The detection model is a machine learning model, and the detection model can be trained through a pre-constructed model architecture, as shown in fig. 2, where the pre-constructed model architecture may include one or more detection algorithms, such as a random forest algorithm or a gradient descent tree algorithm. After the model architecture is constructed, training is needed to improve the accuracy of the output recognition result. The training dataset for training the model architecture may include a first set of feature information, and a corresponding recognition result dataset. The first characteristic information set includes a plurality of first characteristic information, and the recognition result data set includes a recognition result corresponding to the first characteristic information. In the training process, the first characteristic information in the first characteristic information set is used as input data, the recognition result in the recognition result data set is used as output data to repeatedly train the model architecture, and the detection model is determined to be trained and can be applied online until the accuracy of the recognition result output by the model architecture is determined to meet the threshold requirement in the verification process.

After the training is finished, the first characteristic information acquired in real time is input into the detection model which finishes the training, and the detection model is used for calculation, so that the identification result which can represent the protocol type of the first request can be acquired. As embodied, N-Gram entropy may be input into the detection model to obtain corresponding recognition results.

According to the data processing method based on the domain name service protocol, the probability information set is formed by calculating the occurrence probability of the character fragments in the character fragment sequence, the first characteristic information capable of representing the chaos degree of the character fragments is obtained based on the probability information set, the protocol type of the first request can be well described, the first characteristic information is used as input data and is input into the detection model completing training, the identification result of the protocol type of the first request can be obtained, the encryption protocol can be identified, and the identification result has high accuracy.

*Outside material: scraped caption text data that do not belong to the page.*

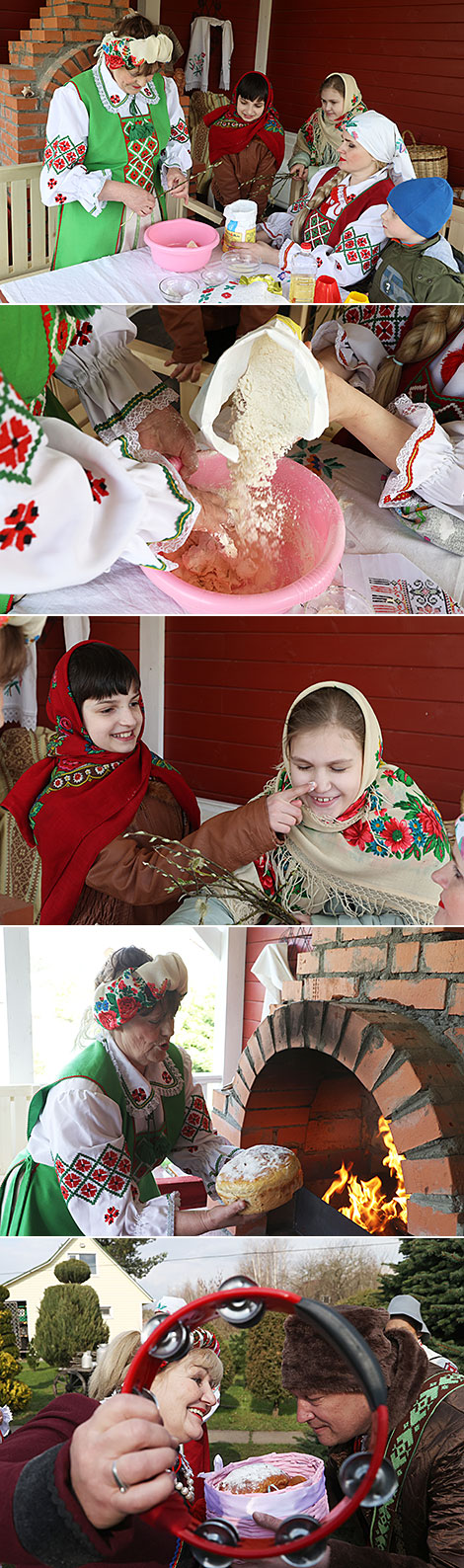 Easter traditions of Mogilev District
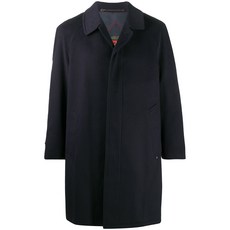 안젤로 빈티지 컬트 중고 1990's 히든 버튼 미디 코트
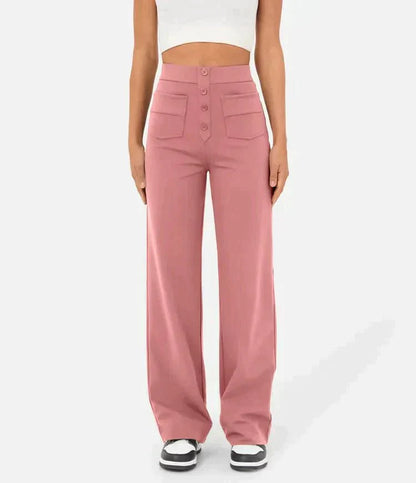 Elvire - Elastische Casual Broek | Stijlvol & Comfortabel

As shown in conjunction with fig. 2, in some embodiments, the method further comprises: and accumulating and checking the first character sequence to obtain second characteristic information, wherein the second characteristic information is accumulated and checked value. The cumulative sum test is a hypothesis test that calculates how likely it will accept a hypothesis that the test object is a random sequence, and the range of the cumulative sum test value obtained by the calculation is (0, 1), and a value close to 0 indicates that the randomness is larger. Correspondingly, the inputting the first feature information into the detection model that has been trained, and performing calculation by using the detection model to obtain the recognition result of the protocol type of the first request includes: and inputting the first characteristic information and the second characteristic information into the detection model which is trained, and calculating by using the detection model to obtain the identification result of the protocol type of the first request. The accumulated sum check value can well depict the type of the encryption protocol, and the accuracy of the identification result output by the detection model can be improved by increasing the accumulated sum as second characteristic information.

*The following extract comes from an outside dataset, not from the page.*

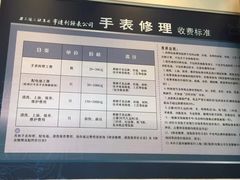 -亨得利钟表商店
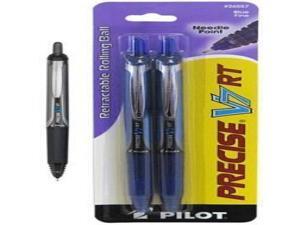 Precise V7 Retractable Rolling Ball Fine Point Pen, 2-Count, Blue (6-Pack) Precise V7 Retractable Rolling Ball Fine Point Pen, 2-Count, Blue (6-Pack)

In some embodiments, said extracting the character segments having the specific bit length from the first character sequence based on the specific order forms a character segment sequence, including:

and extracting a character segment with a specific bit length from the first character in the first character sequence, and staggering one character in the ending direction of the first character sequence every time, and extracting one character segment with the specific bit length until the end of the first character sequence so as to form the character segment sequence.

In specific implementation, a sliding window with a character length of N may be configured, the sliding window is set to slide from the first character in the first character sequence to the end direction, and a character segment with a character length of N is extracted through the sliding window when moving one character each time until the sliding window moves to the end of the first character sequence. Wherein, the value of N can be 2, 3, 4, 5, etc. In other embodiments, the sliding window is not limited to one character per movement, but may move multiple characters.

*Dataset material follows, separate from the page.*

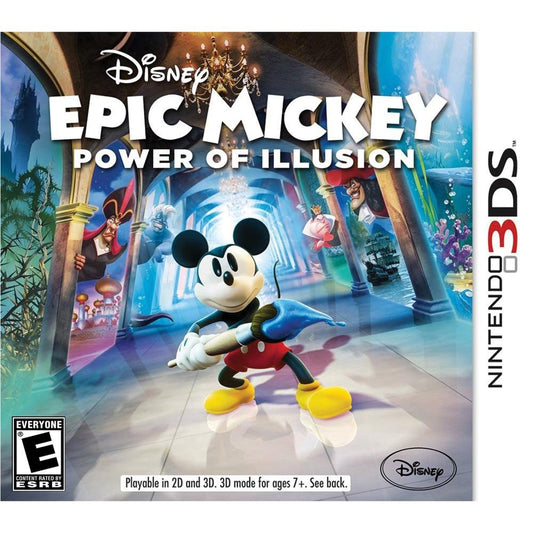 Epic Mickey Power of Illusion 3DS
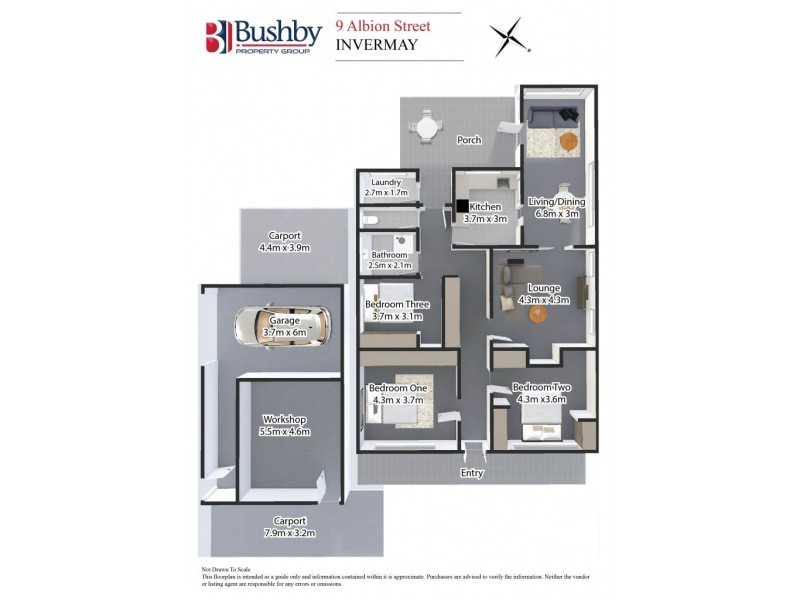 9 Albion Street, Invermay TAS 7248 Floorplan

In practical applications, a plurality of character segment sequences may be obtained, and the character segments in each character segment sequence may have different bit lengths, as shown in fig. 3. That is, the extracting of the character segments having a specific bit length from the first character sequence based on a specific order to form a character segment sequence may include:

character segments having different bit lengths are extracted from the first character sequence based on a specific order to form a plurality of character segment sequences, respectively.

As one specific embodiment, the extracting of the character segments with different bit lengths from the first character sequence based on a specific order to form a plurality of character segment sequences respectively includes:

extracting a first character segment with a first bit length from the first character sequence based on a specific sequence to form a first character segment sequence;

extracting a second character segment with a second bit length from the first character sequence based on a specific sequence to form a second character segment sequence;

and extracting a third character segment with a third bit length from the first character sequence based on a specific sequence to form a third character segment sequence.

For example, the first bit length may be configured as 2 characters, the second bit length may be configured as 3 characters, and the third bit length may be configured as 4 characters. And then configuring a first sliding window based on the first bit length, setting the first sliding window to slide from the first character in the first character sequence to the end direction, extracting a first character segment with the character length being the first bit length every time the first sliding window moves one character until the sliding window moves to the end of the first character sequence, and forming the first character segment sequence based on the first character segments. And configuring a second sliding window based on the second bit length, setting the second sliding window to slide from the first character in the first character sequence to the end direction, extracting a second character segment with the character length of the second bit length when moving one character until the sliding window moves to the end of the first character sequence, and forming a second character segment sequence based on the second character segments. And configuring a third sliding window based on the third bit length, setting the third sliding window to slide from the first character in the first character sequence to the tail direction, extracting a third character segment with the character length of the third bit length when moving one character until the sliding window moves to the tail of the first character sequence, and forming a third character segment sequence based on the third character segments. Of course, for example, the fourth bit length, the fifth bit length, and so on may be configured to obtain other character fragment sequences.

After a plurality of character fragment sequences are obtained, the occurrence probability of character fragments in each character fragment sequence can be respectively determined, and a plurality of corresponding probability information sets are respectively formed; and then acquiring corresponding sub-feature information based on each probability information set. That is, the determining the occurrence probability of the character segment in the sequence of character segments forms a probability information set, and obtaining the first feature information based on the probability information set includes:

respectively determining the occurrence probability of the character segments in each character segment sequence, and respectively forming a plurality of corresponding probability information sets;

and acquiring corresponding sub-feature information based on the probability information sets respectively.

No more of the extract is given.